- Doubled the sampling speed compared to company’s ‘minDALL-E’ model
- Achieved enhanced quality and faster sampling speed by configuring high-resolution images as low-resolution 3D tensors
- Technology to be presented at global computer vision conference, CVPR 2022
SEOUL, South Korea , April 20, 2022 /PRNewswire/ — Kakao Brain has announced that it published its advanced text-to-image generator Residual-Quantized (RQ) Transformer on open-source community GitHub in late March. RQ-Transformer, the text-to-image AI technology comprised of 3.9 billion parameters and 30 million text-image pairs, significantly improves the quality of generated images while reducing computational costs and achieving a sampling speed that exceeds every other text-to-image generator available worldwide.
RQ-Transformer successfully addresses the high computational costs and slow image generation of existing models. By primarily leveraging the residual quantization technique, which uses a fixed size of codebook to recursively quantize the feature map in a coarse-to-fine manner instead of simply increasing codebook size, RQ-Transformer is able to learn more information in a shorter period of time.
Boasting the highest number of parameters with 3.9 billion in Korea as well as the fastest sampling speed among Kakao Brain’s text-to-image AI models, RQ-Transformer outperforms the 1.4-billion-parameter minDALL-E, another open-source text-to-image model created by Kakao Brain, with double the sampling speed.
RQ-Transformer can understand text combinations it sees for the first time and create a corresponding image. Sample images generated on the text condition, ‘the Eiffel Tower in the desert,’ are shown below:
RQ-Transformer is just the beginning of Kakao Brain’s technology as it puts forward the fundamental technology that enables rapid image generation while maintaining cutting-edge performance. With this technology as its cornerstone, Kakao Brain plans to strengthen this model and improve the quality of images generated via computer programs, learn more data with greater cost-effectiveness, and build technologies that go beyond simply generating images on fed information to help humans visualize the ideas in their head on screen.
Recognized for its all-around superior approach, the text-to-image technology was selected to be presented at CVPR 2022, an annual global computer vision conference which will be held in June this year. To uphold a high standard in its technologies, Kakao Brain’s Generative Model (GM) Team, in charge of the research & development (R&D) of image generation models, will continue to finetune this model in the pursuit of even more sophisticated images and faster sampling speeds.

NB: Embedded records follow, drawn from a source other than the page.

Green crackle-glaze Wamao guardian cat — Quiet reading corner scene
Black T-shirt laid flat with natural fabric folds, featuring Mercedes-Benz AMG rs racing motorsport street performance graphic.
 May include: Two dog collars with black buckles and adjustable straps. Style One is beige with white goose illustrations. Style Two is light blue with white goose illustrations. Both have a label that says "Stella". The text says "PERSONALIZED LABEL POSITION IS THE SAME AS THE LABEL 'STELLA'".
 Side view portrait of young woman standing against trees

"The computer generating images based on human commands signifies the tech’s ability to distinguish and understand the intention behind the demand," said Kim Il-doo, CEO of Kakao Brain. "We’re incredibly excited to see where this research leads us, and we believe that this revolutionary AI model marks the beginning of the journey to a future where humans and computers can communicate freely."
More information on RQ-Transformer is available on GitHub at https://github.com/kakaobrain/rq-vae-transformer.
About Kakao Brain
Kakao Brain is a world-leading AI company boasting unparalleled AI technologies and research & development networks. The company was established by Kakao in 2017 to solve some of the globe’s biggest ‘unthinkable questions’ with solutions enabled by its lifestyle-transforming AI technologies. Constantly driving innovation in the world of technology, Kakao Brain has developed numerous groundbreaking AI services and models designed to enhance quality of life for thousands of people, including minDALL-E, KoGPT, CLIP/ALIGN, and RQ-Transformer. As a global pioneer of AI, Kakao Brain has the responsibility of fostering a vibrant tech community and robust R&D ecosystem as it carries out its mission to form new tech markets with endless potential. For more information, visit https://KakaoBrain.com/.
 GitHub provides internet hosting for software development and is mostly used to host open-source projects. As of November 2021, GitHub is the largest source code host with over 73 million developers and 200 million repositories.
 CVPR (Conference on Computer Vision and Pattern Recognition), co-sponsored by Institute of Electrical and Electronics Engineers (IEEE) and The Computer Vision Foundation (CVF) since 1983, is regarded as one of the most acknowledged annual conferences in the computer vision sector, along with European Conference on Computer Vision (ECCV) and International Conference on Computer Vision (ICCV).